Outside India or on older pieces, look for: 925, Sterling, Ster, 800, 900, or a Lion Passant (UK hallmark — a small walking lion). Any of these indicate real silver.
Stamps that mean it's NOT silver: EPNS, EP, Silver Plate, GS (German Silver), NS (Nickel Silver), or no stamp at all on a piece sold as new.
One honest caveat: Stamps can be faked. A ₹400 piece from a random online seller can carry a 925 stamp and still fail every other test below. So treat the hallmark as a starting point, never a final answer on its own.
Test 2: The Magnet Test — Free and Takes 10 Seconds
Pick up a strong neodymium magnet — the type that comes in hobby magnet kits or inside old hard drives. A standard fridge magnet is too weak; it won't give you a clear result.

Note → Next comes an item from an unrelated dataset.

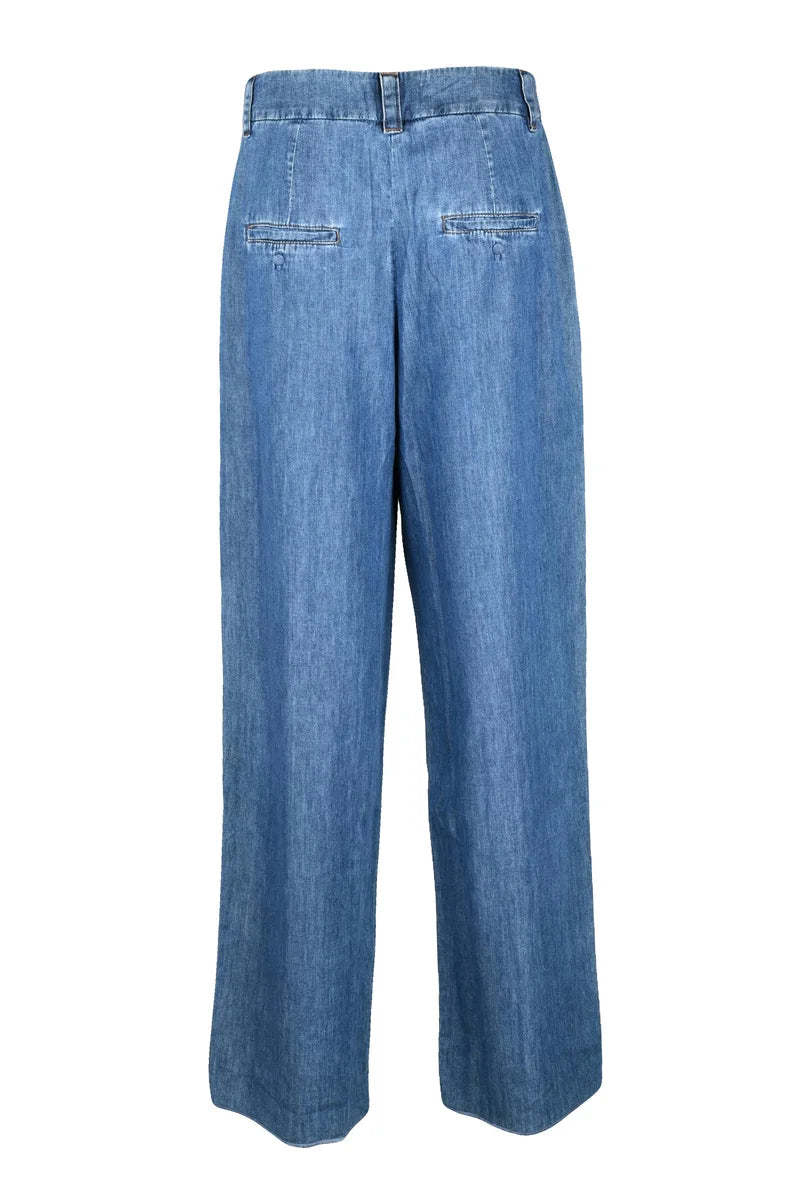 Marella Chino Wleg Vita Alta - Blu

Hold it close to the main body of the piece. Watch what happens.
- No attraction at all, or slides away → passes this test. Silver is paramagnetic — it has no meaningful reaction to magnets.
- Snaps to the magnet firmly → iron or steel core. Not silver, full stop.
- Slight pull on the clasp or pin-back → ignore it. Clasps and fittings are often stainless steel even on genuine silver jewellery. Test the main body, not the hardware.
What this test can't catch: Copper and brass are also non-magnetic. So passing the magnet test means it's not iron-based — it doesn't confirm it's silver. You need one more test alongside this one.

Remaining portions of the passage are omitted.